Между тем леса продолжали исчезать: в 1888–1905 годах 23 из 50 европейских губерний лишились от 6 до 37 % своих лесных угодий[290]. Благодаря закону 1888 года годовой темп вырубки лесов снизился с 902 га в 1862–1888 годах до 440 га в 1888–1914 годах. Тем не менее в 1888–1914 годах Европейская Россия лишилась 2,5 % своих лесов[291]. Эти цифры были тем более прискорбными на фоне успехов немецкого лесоводства, служившего эталоном и для европейских, и для российских специалистов. В Германии благодаря массовым лесопосадкам площадь лесов в 1878–1913 годах увеличилась на 865 600 акров[292]. Большинство специалистов отмечало, что закон 1888 года не остановил незаконные порубки и не стал стимулом к эффективному ведению лесного хозяйства. В то же время с точки зрения землевладельцев и экономики данный закон оказался очень стесняющим[293]. Иными словами, закон не устранил противоречия между развитием промышленности и сельского хозяйства, с одной стороны, и необходимостью охраны естественных ресурсов, с другой.
Более того, избранный правительством путь к удовлетворению крестьянского земельного голода должен был неизбежно повлечь за собой дальнейшее уничтожение лесов в ряде регионов.

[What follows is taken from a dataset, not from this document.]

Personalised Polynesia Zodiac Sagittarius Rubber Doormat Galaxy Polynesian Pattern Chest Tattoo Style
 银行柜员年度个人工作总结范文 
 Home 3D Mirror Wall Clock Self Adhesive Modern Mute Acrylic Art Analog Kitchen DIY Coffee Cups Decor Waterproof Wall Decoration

Пахотная земля представляла собой куда более прибыльный и дефицитный ресурс, чем леса, и после принятия столыпинских законов 1906 года, стимулировавших переход земель помещиков-дворян в руки крестьян посредством Крестьянского земельного банка, землевладельцы занялись расчисткой земель с целью их продажи на рынке. Соответственно, леса могли пасть жертвой перераспределения земли и политики приватизации[294]. Снова, как и в 1861 году, социально и политически необходимая реформа сельской экономики косвенно поставила под удар охрану лесов.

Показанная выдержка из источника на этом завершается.